Model hallucinations and guardrails #174

IlamaranMagesh · 2026-03-07T20:58:10Z

IlamaranMagesh
Mar 7, 2026

Looking to discuss in detail about the model reponses and how we handling it.

Right now, I see we are asking the model itself to summarise the short-term memories and add the information to the long-term memory (here) or summarise long-term memory in the memory modules.

We do not have any implementations of fact checking the hallucinations or guardrails. LLMs may sometimes, well, usually forget which may lead to poor performance of the simulation or none at all and not as it is expected to run. This is not an architectural flaw but relying entirely on the AI will cause issues.

What are the plans about it, if any? I'm willing to work on this but since this is a huge part/feature. I would like to discuss with the maintainers and owners first.
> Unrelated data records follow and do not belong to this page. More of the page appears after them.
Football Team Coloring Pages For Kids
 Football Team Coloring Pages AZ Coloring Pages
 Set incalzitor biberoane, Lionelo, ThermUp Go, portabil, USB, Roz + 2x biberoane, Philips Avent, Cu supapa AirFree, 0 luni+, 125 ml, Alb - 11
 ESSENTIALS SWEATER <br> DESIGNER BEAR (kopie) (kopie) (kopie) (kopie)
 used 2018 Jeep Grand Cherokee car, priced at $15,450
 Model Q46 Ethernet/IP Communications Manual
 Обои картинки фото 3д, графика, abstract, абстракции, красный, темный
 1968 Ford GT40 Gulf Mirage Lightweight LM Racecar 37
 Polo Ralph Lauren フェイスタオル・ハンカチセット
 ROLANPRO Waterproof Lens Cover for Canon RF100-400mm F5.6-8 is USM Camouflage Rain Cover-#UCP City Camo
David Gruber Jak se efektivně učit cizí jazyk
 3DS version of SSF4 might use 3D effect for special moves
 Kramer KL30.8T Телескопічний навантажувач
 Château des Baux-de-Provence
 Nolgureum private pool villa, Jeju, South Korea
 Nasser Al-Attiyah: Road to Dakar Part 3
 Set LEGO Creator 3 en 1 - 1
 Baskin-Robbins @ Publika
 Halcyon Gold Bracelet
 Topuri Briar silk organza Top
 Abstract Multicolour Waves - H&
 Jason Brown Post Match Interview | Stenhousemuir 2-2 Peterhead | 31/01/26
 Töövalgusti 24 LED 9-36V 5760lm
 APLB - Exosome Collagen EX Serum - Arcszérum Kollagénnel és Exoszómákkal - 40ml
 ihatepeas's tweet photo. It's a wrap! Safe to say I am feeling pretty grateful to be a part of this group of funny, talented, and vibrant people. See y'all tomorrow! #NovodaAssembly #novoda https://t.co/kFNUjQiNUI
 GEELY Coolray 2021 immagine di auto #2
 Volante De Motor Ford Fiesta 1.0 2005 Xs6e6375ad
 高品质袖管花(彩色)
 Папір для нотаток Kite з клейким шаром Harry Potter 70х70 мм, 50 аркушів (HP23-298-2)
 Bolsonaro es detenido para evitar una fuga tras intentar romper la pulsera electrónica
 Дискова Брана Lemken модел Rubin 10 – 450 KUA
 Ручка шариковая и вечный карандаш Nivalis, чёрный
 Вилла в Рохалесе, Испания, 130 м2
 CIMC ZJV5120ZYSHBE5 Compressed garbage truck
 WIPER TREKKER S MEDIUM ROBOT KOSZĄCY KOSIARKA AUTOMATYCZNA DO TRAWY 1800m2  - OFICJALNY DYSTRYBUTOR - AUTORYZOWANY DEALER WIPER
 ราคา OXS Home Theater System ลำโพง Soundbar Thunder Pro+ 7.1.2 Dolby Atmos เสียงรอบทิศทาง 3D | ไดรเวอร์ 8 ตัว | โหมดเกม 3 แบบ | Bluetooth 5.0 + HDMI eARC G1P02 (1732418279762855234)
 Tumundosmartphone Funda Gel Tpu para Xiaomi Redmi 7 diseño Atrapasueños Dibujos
@jackiekazil @colinfrisch @wang-boyu

jackiekazil · 2026-03-10T02:10:07Z

jackiekazil
Mar 10, 2026
Maintainer

This is a problem. There is so much work to done all around.
I don't know if Colin has thoughts. But I do think this area is open for ideation.

0 replies

colinfrisch · 2026-03-10T09:03:20Z

colinfrisch
Mar 10, 2026
Maintainer

relying entirely on the AI will cause issues.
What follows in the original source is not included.